▶ **What to do**: Produce as output only the lines below starting at the line with "Preview: Küchenrückwand Blaue Blüten" and continuing through the line with "Planefield White File Cabinet", each one exactly as written.

▶ **Data shown**:
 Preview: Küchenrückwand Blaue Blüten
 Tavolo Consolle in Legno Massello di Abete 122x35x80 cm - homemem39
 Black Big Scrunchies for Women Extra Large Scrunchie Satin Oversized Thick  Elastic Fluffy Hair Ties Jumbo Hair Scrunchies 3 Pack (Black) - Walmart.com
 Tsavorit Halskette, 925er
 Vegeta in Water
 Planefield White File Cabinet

==

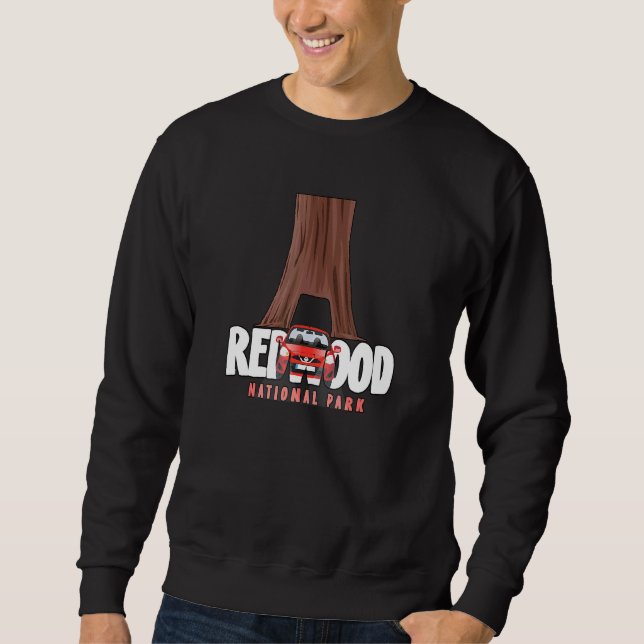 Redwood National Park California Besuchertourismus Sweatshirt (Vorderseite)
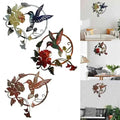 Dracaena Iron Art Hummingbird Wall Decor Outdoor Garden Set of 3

--

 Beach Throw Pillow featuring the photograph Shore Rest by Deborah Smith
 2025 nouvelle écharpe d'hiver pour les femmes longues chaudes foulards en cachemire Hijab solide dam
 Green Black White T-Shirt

▶ **Answer for this exercise**:
 Preview: Küchenrückwand Blaue Blüten
 Tavolo Consolle in Legno Massello di Abete 122x35x80 cm - homemem39
 Black Big Scrunchies for Women Extra Large Scrunchie Satin Oversized Thick  Elastic Fluffy Hair Ties Jumbo Hair Scrunchies 3 Pack (Black) - Walmart.com
 Tsavorit Halskette, 925er
 Vegeta in Water
 Planefield White File Cabinet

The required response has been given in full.